Mike Beckert, project engineer and sales, Buhler, said, "Indian confectionery market has a big challenge of space constraints. Thus, a compact and flexible machinery may help Indian conditions to upgrade as per their requirements."

Explaining about wafers in confectionery industry, Daniel Nahrhold, product sales manager, Hebenstreit GmbH, said, "Wafers and chocolate making are usually a crucial element of confectionery. Different and distinctive textures and typers are available with us to decorate your wafer or chocolate. There are layers in the wafer chocolates which can be availed very finely with our solutions."

Matthias Drees, managing partner, Oka-Spezialmaschinenfabrik GmbH, touched some points on decoration through automation. He said, "We can have sprinkles of nuts sugar on chocolates or other products. These sprinkles can be in the form of textures or patterns. India has much diversity in food and our decoration solutions in the confectionery and food industry are flexible enough to suit the demand of Indian kitchen such as lack of space and temperature."

The symposium also highlighted some issues like kitchen hygiene, good manufacturing practices, water management in confectionery, and personal hygiene that should be followed by employees.

Suneet Gupta, product manager, Bosch Packaging India, said, "India is a booming market and has a lot of potential. We have seen bar chocolates, but bar lines doesn't only end at chocolate industry. Bar market in confectionery are popular in India and has bars manufactured with jaggery and peanuts in combination. These bars are popular in local market."

"Indian industry is also witnessing a new category known as healthy foods which are manufactured as bars. In India too it will soon be introduced after the clearance of laws over nutraceuticals. We have tested the results which will revolutionise the market with use of sugar substitutes like starch and peptin," added Gupta.

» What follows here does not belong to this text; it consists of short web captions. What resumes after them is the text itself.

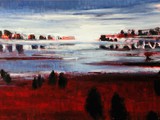 Hot Land, flooded, 2021, Acryl auf Leinwand, 100 x 150 cm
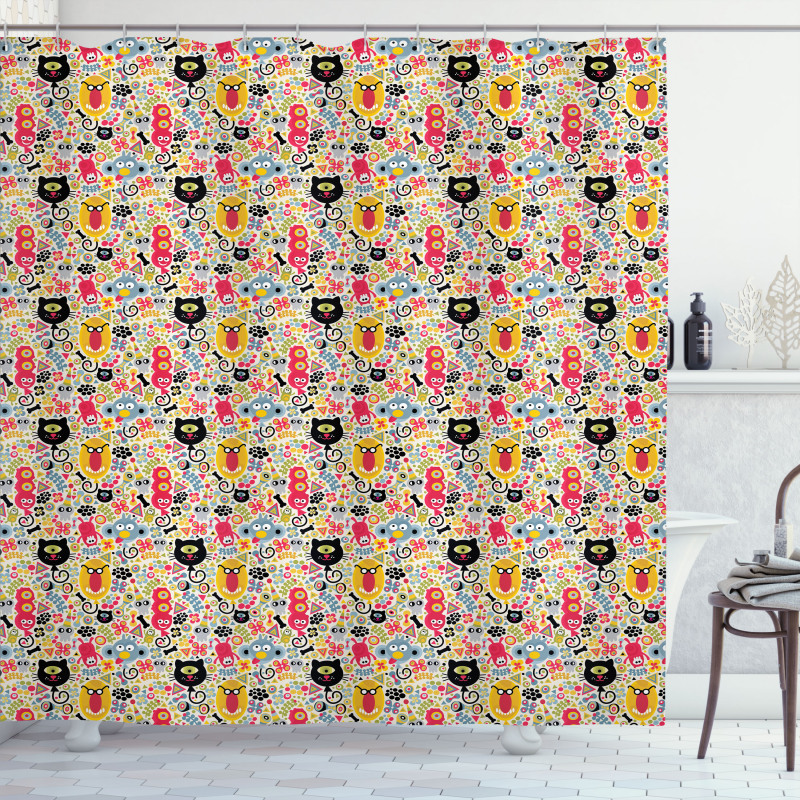 Cartoon Style Monsters Shower Curtain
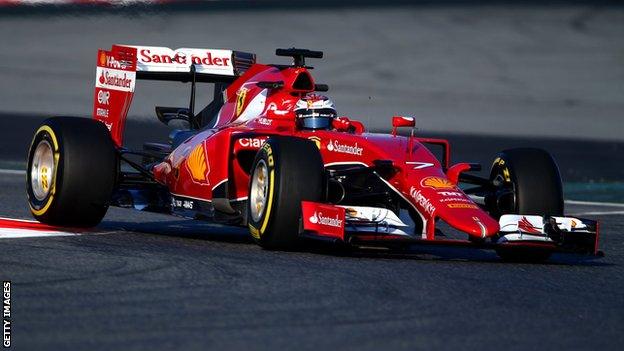 Kimi Raikkonen in action during day one of Formula 1 winter testing at Circuit de Catalunya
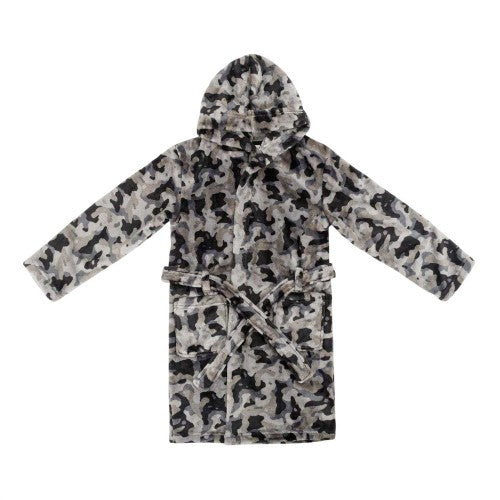 Front - Star Boys Camo Fleece Hooded Robe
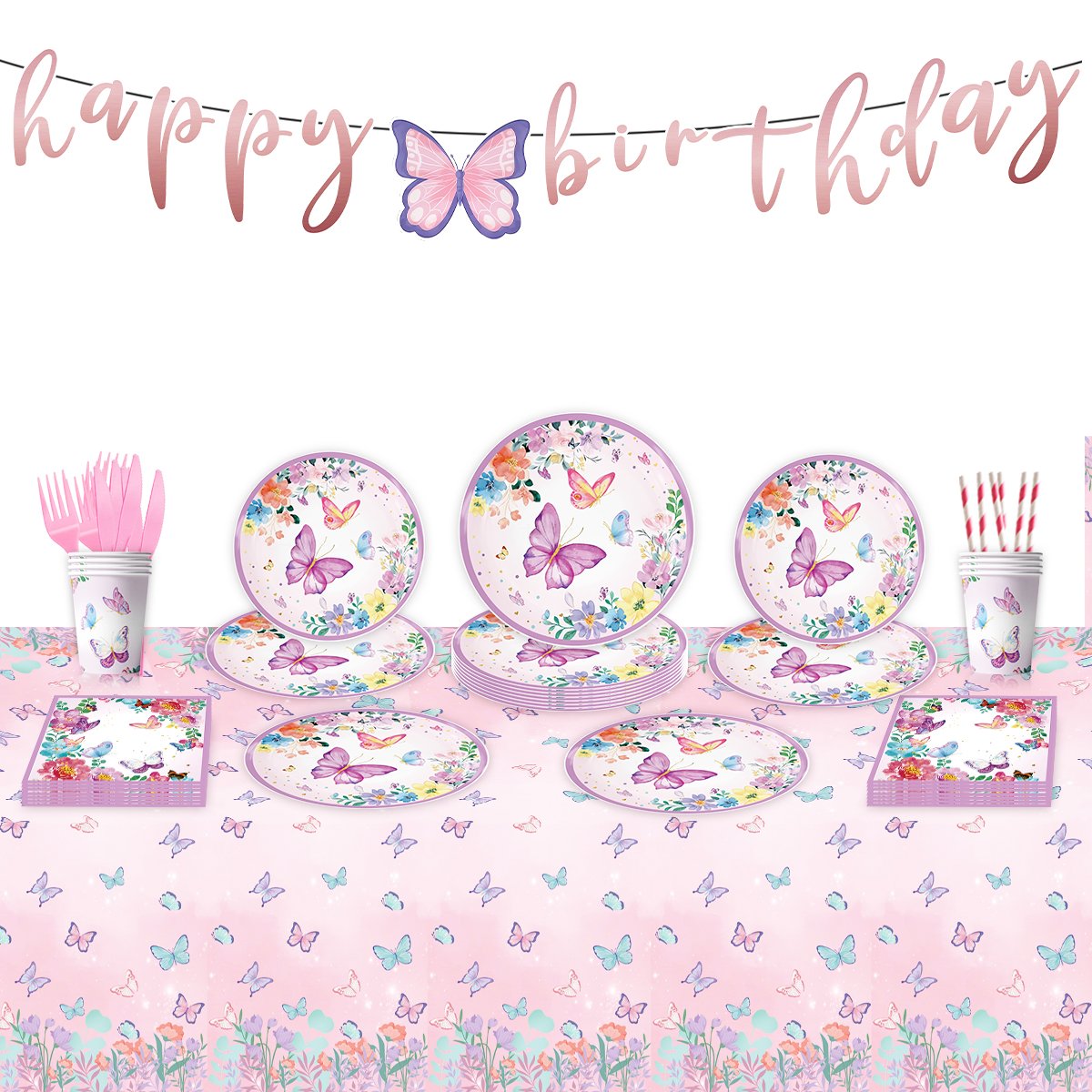 Butterfly Party Tableware Set Disposable Paper Plates Set Dinner Picnic Outdoor Plate Cup Disposable Party Supplies Kits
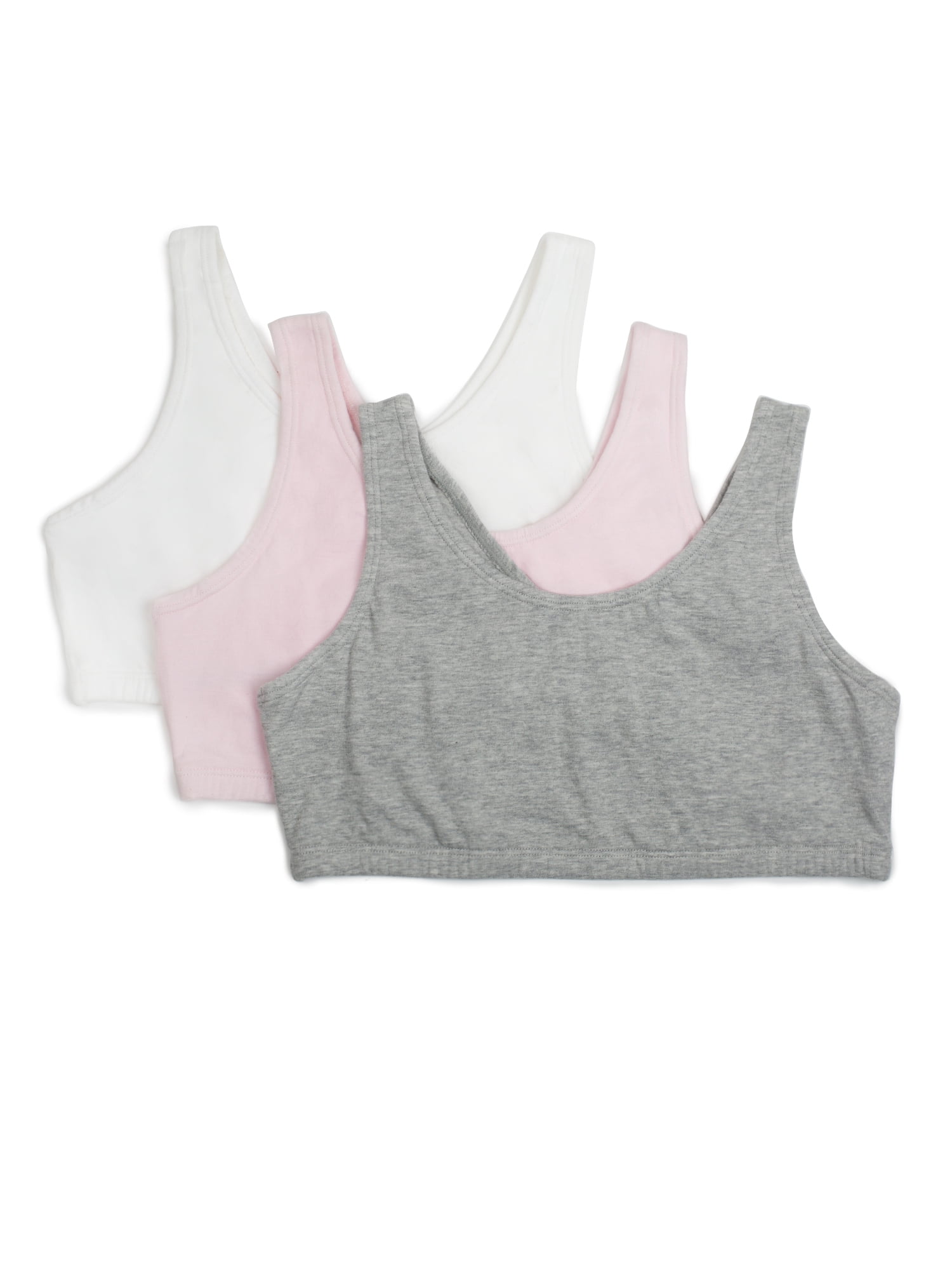 Fruit of the Loom Girls Pull Over Built Up Strap Cotton Sport Bra, 3-Pack,  Sizes 28-38 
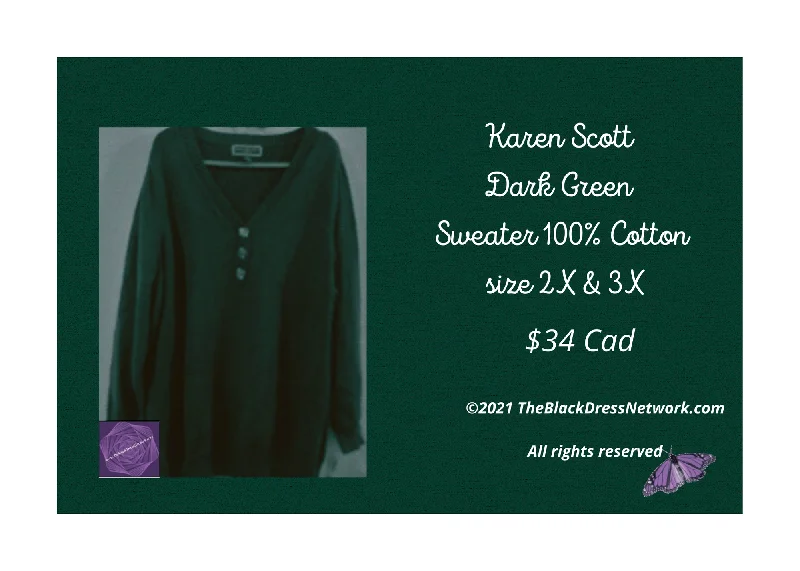 Karen Scott Dark Green  Henley Sweater 100% Cotton Golden buttons Plus 2X or 3X Casual Chic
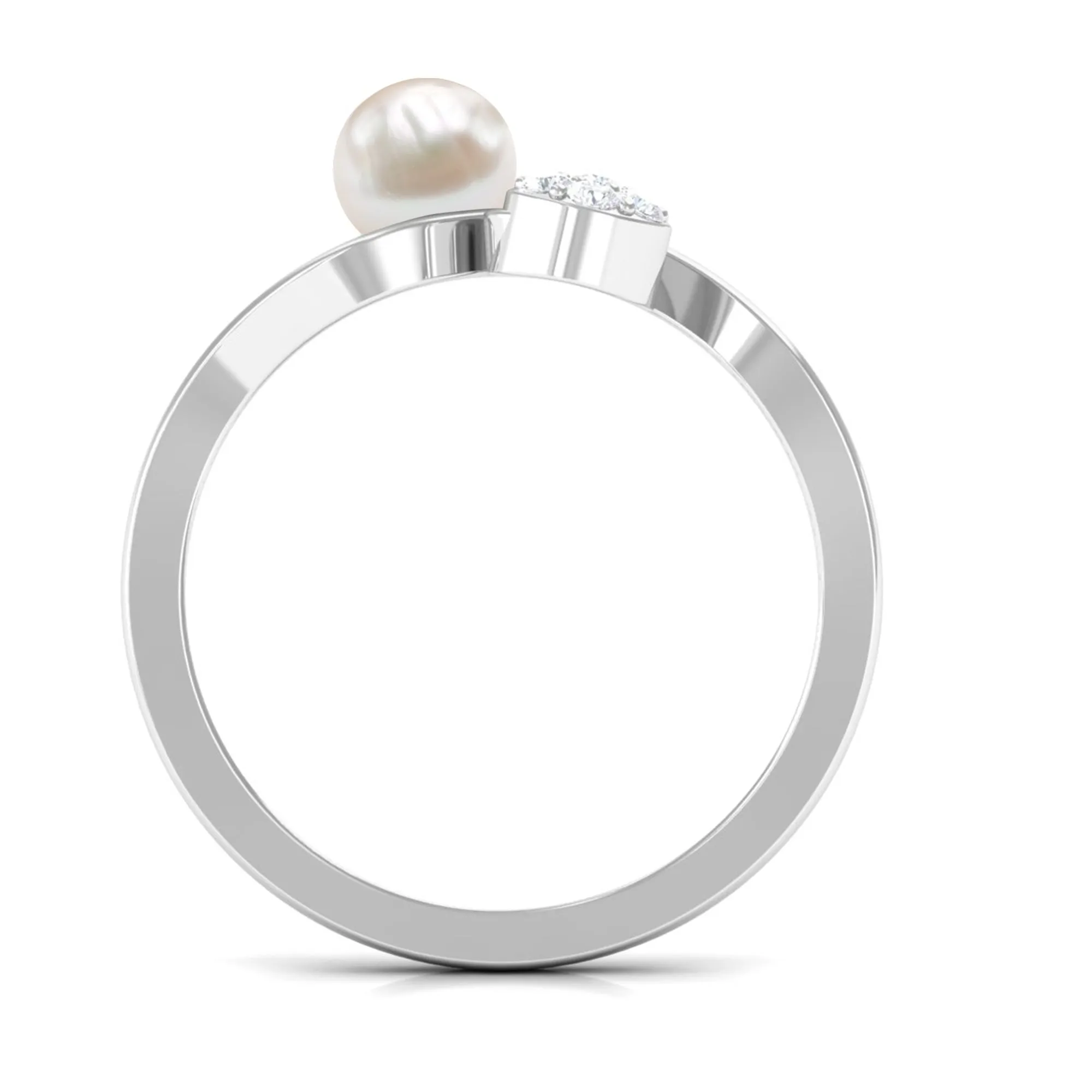 2.25 CT Freshwater Pearl Minimal Wrap Ring with Diamond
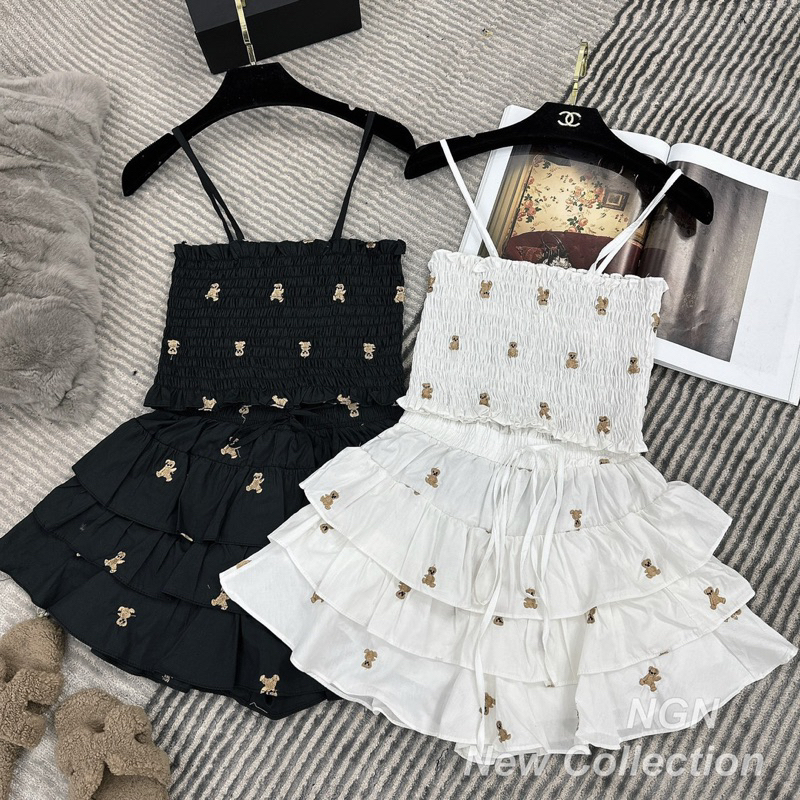 Sét áo chun hai dây + chân váy tầng thêu gấu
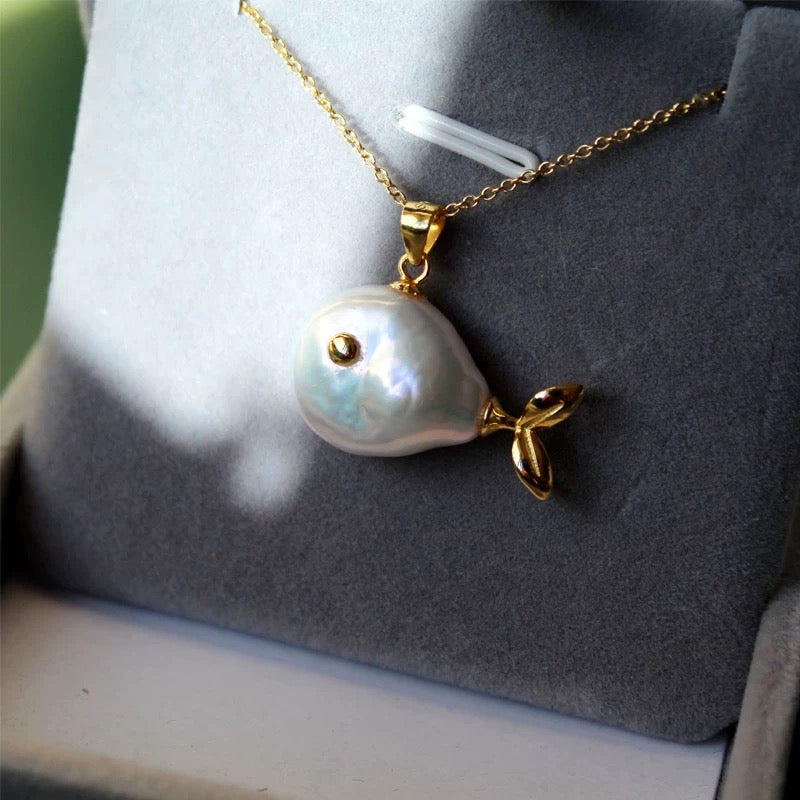 (P005) Button shape pearl pendant/small fish pendant/S925 (P101)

Chocotech, a German production solution provider, in his presentation explained how traditional processing can be replaced with modern technology without hindering the recipe. Martin McDermott from Chocotech said, "India has tradition and their tradition is reflected while they work. Yes, this is good but only the traditional way will lead to exemption of a brand out of the market. Thus, modern technology should be used exactly with the same traditional recipe using customisations in the machinery provided by us."

The symposium, other than confectionery, touched other allied industries in the processing like food, snack processing and a bit of beverage. It was organised by VDMA and 13 of its member companies in association with VDMA India.